**PROVIDED DATA:**
########################################
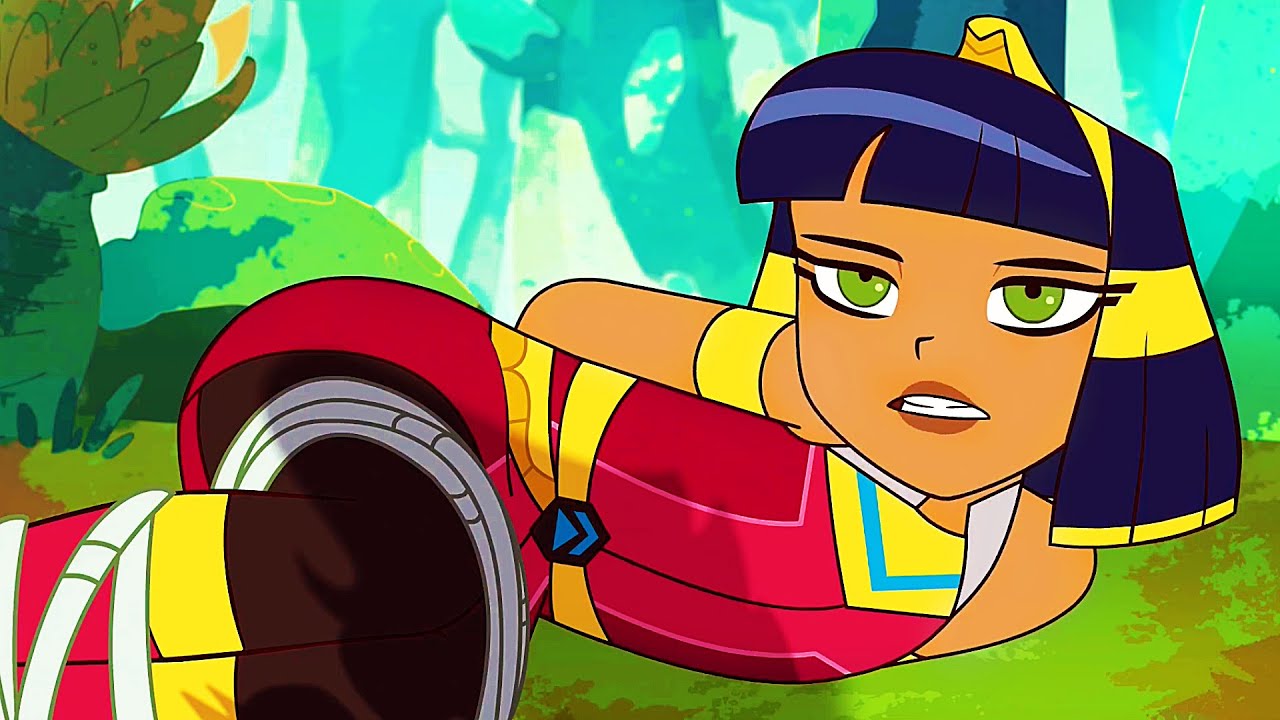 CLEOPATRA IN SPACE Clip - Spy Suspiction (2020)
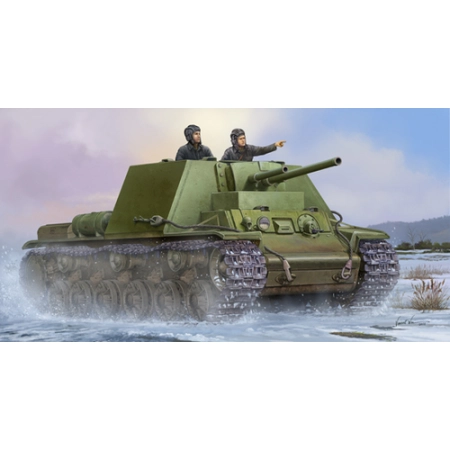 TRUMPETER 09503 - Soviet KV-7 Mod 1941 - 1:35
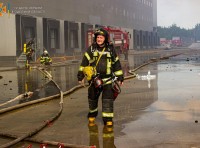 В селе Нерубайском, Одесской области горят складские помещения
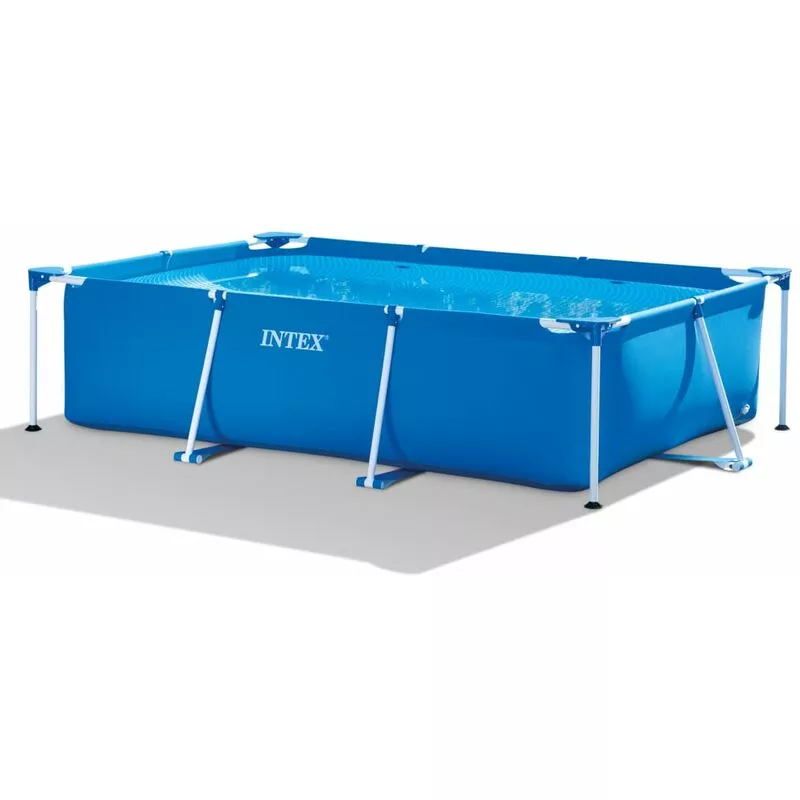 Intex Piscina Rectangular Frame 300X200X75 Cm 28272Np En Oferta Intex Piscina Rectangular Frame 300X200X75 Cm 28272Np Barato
########################################
From the line containing "TRUMPETER 09503 - Soviet" to the last line of the material, every line is to be reproduced exactly. No picture belongs in the copy.

**YOUR SOLUTION:**
 TRUMPETER 09503 - Soviet KV-7 Mod 1941 - 1:35
 В селе Нерубайском, Одесской области горят складские помещения
 Intex Piscina Rectangular Frame 300X200X75 Cm 28272Np En Oferta Intex Piscina Rectangular Frame 300X200X75 Cm 28272Np Barato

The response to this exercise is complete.